How can $(\mathbb{R}, +)$ be turned into a group of symmetries?

Question

I'm exploring the claim that group theory is about symmetry.

Given a group $G$ that isn’t a set of structure preserving maps with composition, can you always interpret it as some kind of symmetry?

My answer to this is yes, because of Cayley's theorem. The procedure as I understand it is to look at G as purely a set, and consider all the structure preserving maps on it. Some subset of this set of transformations equipped with composition will have the same behaviour as the original group (it will be isomorphic). Hence every group can be represented as a subset of group of symmetries.

My question is what happens specifically when you try to turn $(\mathbb{R}, +)$ into a subset of some group of symmetries?

Answer 1

Turning my comments into an answer:

I suspect you're overthinking this, and not looking closely enough at the details of Cayley's theorem.

The right way to state Cayley's theorem is the following:

If $\mathcal{G}=(G;*)$ is a group, then the map $$\mathit{Cayley}: \mathcal{G}\rightarrow \mathit{Sym}_G: g\mapsto{} "h\mapsto g*h"$$ is an injective group homomorphism, and so in particular we get an isomorphism $\mathcal{G}\cong ran(\mathit{Cayley})$.

This is completely explicit about how $\mathcal{G}$ is isomorphic to a group of permutations of some set. And we can then use this to directly compute examples: if we look at $(\mathbb{R};+)$, we have that $G=\mathbb{R}$, $*=+$, and $\mathit{Cayley}(g)$ is the map $h\mapsto g+h$.

This is obscured by snappier-but-less-informative versions of Cayley's theorem like "Every group is isomorphic to a group of permutations." And the "explicit" form of Cayley's theorem above is no harder to prove than this less-useful form (in fact I don't know of a proof of the latter which doesn't in fact show the former).

Answer 2

How can $(\mathbb{R}, +)$ be turned into a group of symmetries?

The isometry group of the Euclidean space $\Bbb E^n$ is $$ {\rm Isom}(\Bbb R^n)=E(n)=O_n(\Bbb R)\ltimes \Bbb R^n. $$ For $n=1$ this is the group $C_2\ltimes \Bbb R$, with the subgroup $(\Bbb R,+)$ of translations.

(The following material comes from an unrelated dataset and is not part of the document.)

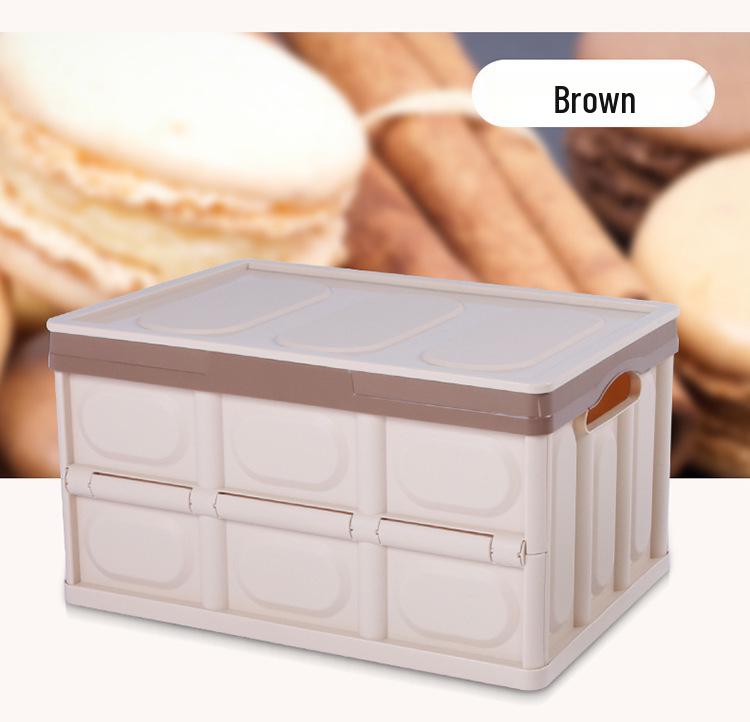 Portable Dual-Use Car and Home Folding Storage Box with Wooden Lid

The same question for $(\Bbb Z;+)$ was asked here:

$\mathbb{Z}$ is the symmetry group of what?

For the relation between symmetry group and isometry group see also

Isometry group vs. Symmetry group

Answer 3

Well, I'm not sure if this is an answer per se, but this is too long to fit in the comments....

I think for a lot of students learning group theory, there is a lot of confusion between the group itself, and the set that the group acts upon. For example, $S_n$ is a group that acts upon $\{0,1,2,\ldots, n-1\}$, but $\{0,1,2,\ldots, n-1\}$ is not a group here, it is the set upon which $S_n$ acts upon. Anyway, I suspect that is what is happening here.

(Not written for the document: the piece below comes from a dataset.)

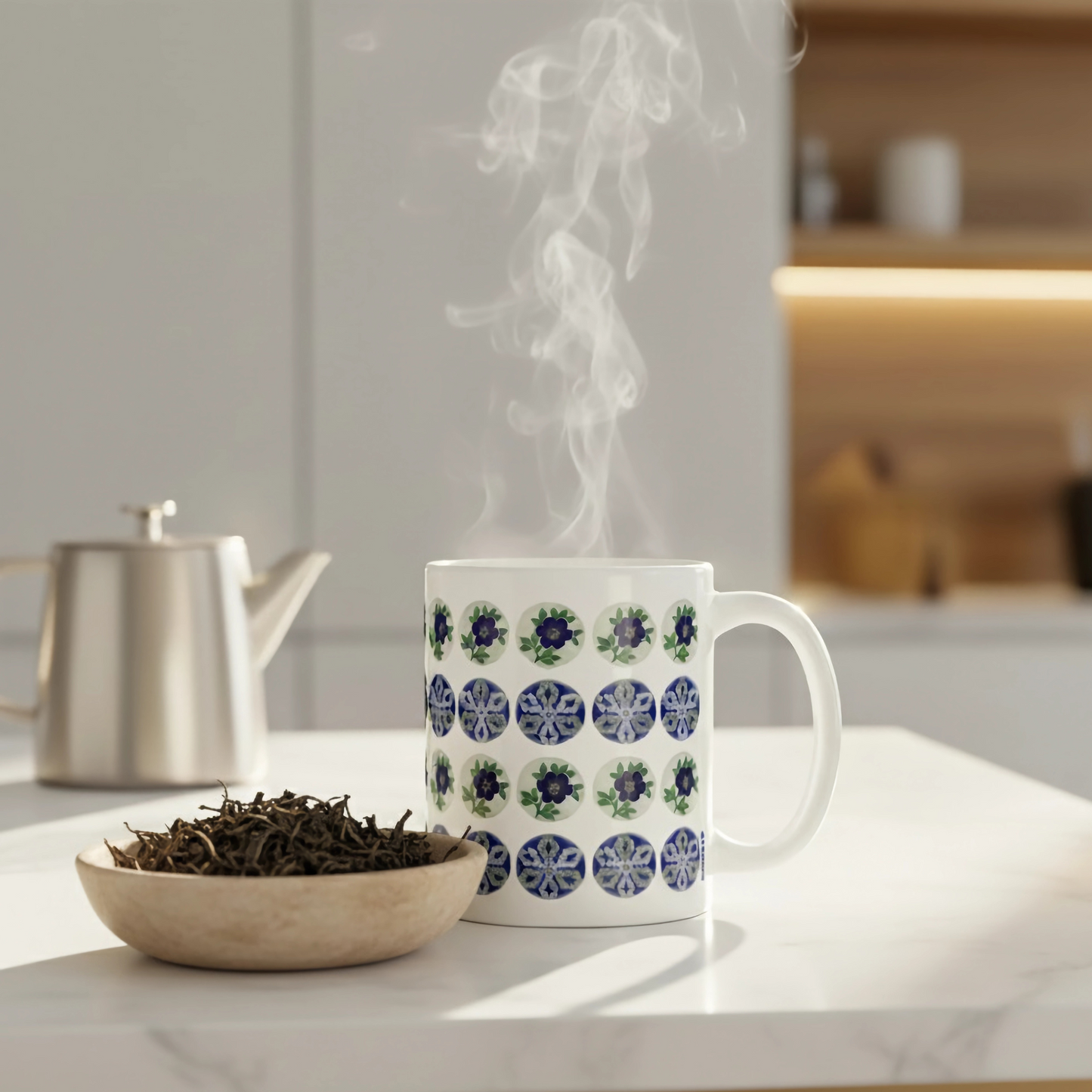 Blue Floral Polka Dots Ceramic Mug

As for this confusion, indeed, groups act upon themselves too. In $(\mathbb{R},+)$, the set $\mathbb{R}$ itself is a group with a law of composition specified by the usual addition. The group $S_n$ also acts upon itself as well. Indeed, it is possible to write out a multiplication table for $S_n$.

Anyway, let us consider the following subgroup $H$ of $S_n$: $H = \{\pi_j; j \in \{0,1,2,\ldots, n-1\}\}$, where $\pi_j(i) = (i +j) \pmod n$. Then $|H|=n$, and $H$ is clearly commutative. Also, $H$ is indeed a subgroup of $S_n$ but for $n \ge 3$, clearly $H$ is not the whole of $S_n$. But, $H$ also acts upon itself; $\pi_{j_1}\pi_{j_2} = \pi_{(j_1+j_2) \pmod n}$ for each $j_1,j_2 \in \{0,1,2,\ldots, n-1\}$. But then, couldn't we just represent $H$ as follows then: $H=(\mathbb{Z}/n\mathbb{Z},+)$.

Anyways, put informally, $(\mathbb{R},+)$ could be thought of as this subgroup of the permutation group $S_{\mathbb{R}}$ of $\mathbb{R}$, where $(\mathbb{R},+) = \{\pi_x; x \in \mathbb{R}\}$, where $\pi_x$ is the element in $S_{\mathbb{R}}$ where $\pi_x(y)=x+y$ for each $y \in \mathbb{R}$.